La cultura, las culturas, las que sean, inclusive las que fueron estudiadas por los etnólogos en las sociedades «primitivas», obedecen todas a la necesidad de enseñar a los individuos que existen en relación con el otro, que no hay identidad sin alteridad -y éstas definen normas que permiten todo esto-. Pero ello al precio de una negación de la libertad individual. Pienso que el sentido social y la libertad individual, la autonomía individual, son dos cosas opuestas.
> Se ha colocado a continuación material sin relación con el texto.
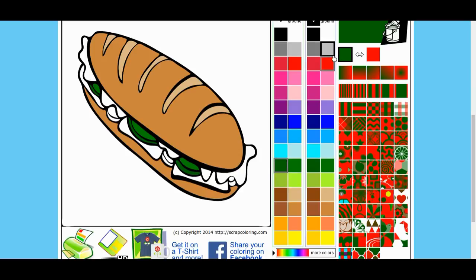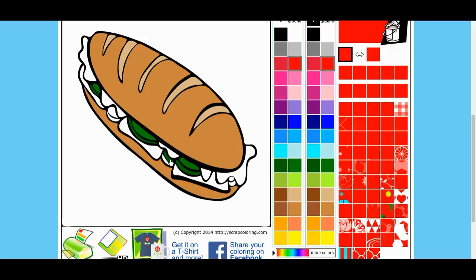And then we're going to have some red for the tomatoes. But oops, that's green. So we'll change it to red. There you go, you got that red in.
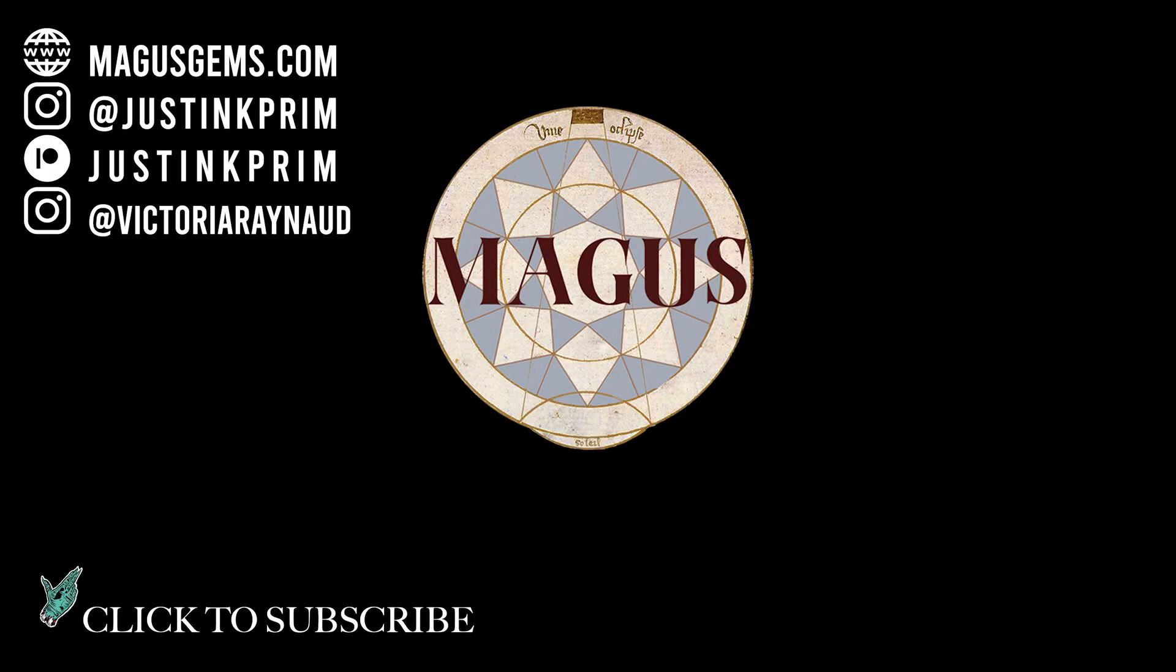Thanks so much for watching this video. This has been Justin K. Prim with the GemCutters Craft, and I'll see you right here for the next one.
Y el día en que hagamos saltar por los aires esta oposición entre sentido social y autonomía individual habremos ganado. [Augé, p. 44]
«Si en el nacimiento del Estado-nación las grandes obras estatales eran los ayuntamientos, los mataderos, los mercados, los teatros, etc. y luego fueron las grandes infraestructuras, con el tiempo las grandes obras de las ciudades las está haciendo el sector privado», destaca Montaner; «la memoria en nuestras ciudades cada día es más de propiedad privada», a medida que el capital va adquiriendo los edificios relevantes o usándolos como nodos de atracción de flujos (de capital, de turistas). Esto tiene que ver con otro movimiento habitual de nuestros tiempos, el NIMBY (de las siglas en inglés Not In My Backyard, «no en mi patio trasero»), la oposición por parte de grupos de vecinos de la construcción en su barrio de un centro para los sin techo, un psiquiátrico, un lugar de acogida para los drogadictos o una mezquita. En ocasiones de modo justificado, pues nadie quiere una incineradora cerca de casa o un vertedero; pero en otras, simplemente, por falta de empatía. Está relacionado, claro, con la idea de comunidad a la que se oponía Richard Sennet en El declive del hombre público: aquella comunidad cerrada, donde los vecinos comparten o creen compartir aspectos comunes más allá de los situacionales y donde la mejor argamasa es siempre la creación de un enemigo común. Pero tiene también que ver con la situación característica de estos lugares: siempre en los barrios populares. No encontrarán mezquitas en el barrio de Salamanca ni en el de Sarrià, ni centros para drogodependientes; porque el suelo allí es extraordinariamente valioso y sólo los grandes capitales son capaces de permitírselo. Es otra muralla de contención que crea el capital para mantener sus espacios privados.